Force and flow structures of a wing performing flapping motion at low Reynolds number

Aerodynamic force and flow structures of a wing performing a simplified flapping motion that emulates the wing motion of small insects in normal hovering flight are studied, using the method of numerically solving the Navier-Stokes equations. For a typical case (wing rotation-axis is at 0.25 chord position and wing rotation is symmetrical with respect to stroke reversal), large peaks in C_L and C_D are produced near the end of a stroke by the wing-rotation, but the wing-rotation also generates a vortical structure which induces strong downwash velocity, reducing the lift production in the early part of the following stroke; averaging over one flapping cycle, C_L is 28% larger than the steady-state value and is about that needed to support the weight of a small insect.
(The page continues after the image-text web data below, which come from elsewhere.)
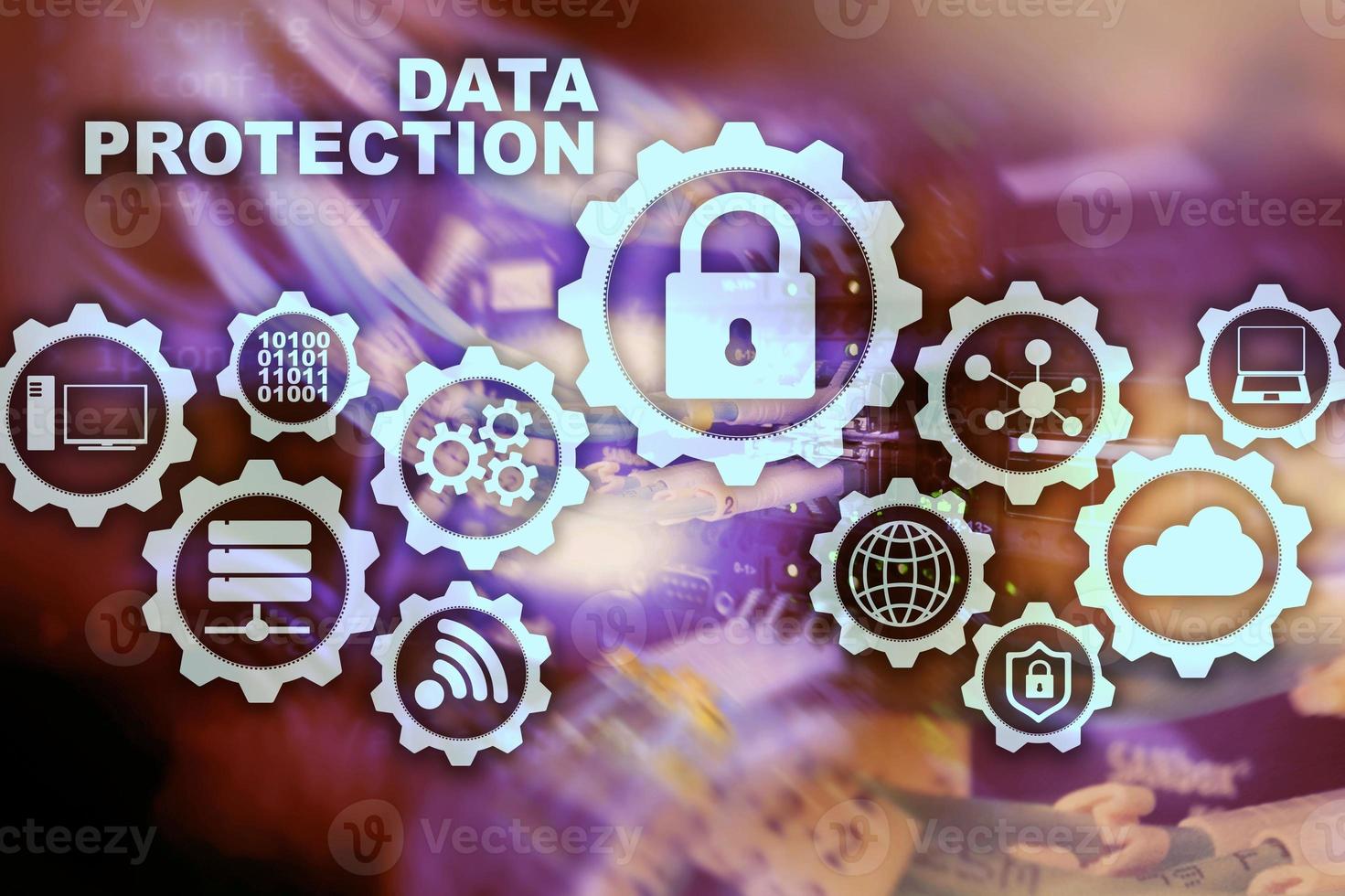 Server data protection concept. Safety of information from virus cyber digital internet technology photo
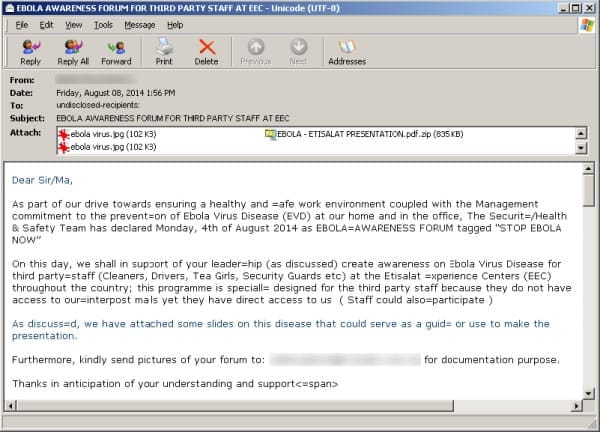 Falsos correos que relatan sobre el virus del Ébola, son utilizados como carnada.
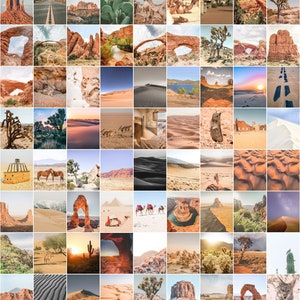 Puede incluir: Un collage de fotograf&iacute;as con paisajes des&eacute;rticos, arcos, cactus y camellos. Las im&aacute;genes muestran dunas de arena, formaciones rocosas y fauna, con una paleta de colores c&aacute;lidos y terrosos, evocando aventura.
The timing of the wing-rotation at stroke reversal can change the size of the peaks in C_L and C_D and their averages; e.g. in the case of shifting the wing-rotation forward in time by 7.5% of a stroke period, the average C_L becomes 63% larger than the steady-state value, which is larger than that needed for weight supporting (and might provide extra force for control or maneuvers). When the rotation-axis is moved rearward to the middle-chord position, the lift and drag peaks due to the wing-rotation become smaller, and in this case, the wing-rotation generates a vortical structure that tends to prevent the relative motion between positive and negative vorticities, also reducing the lift production in the early part of the following stroke, resulting in a smaller average C_L.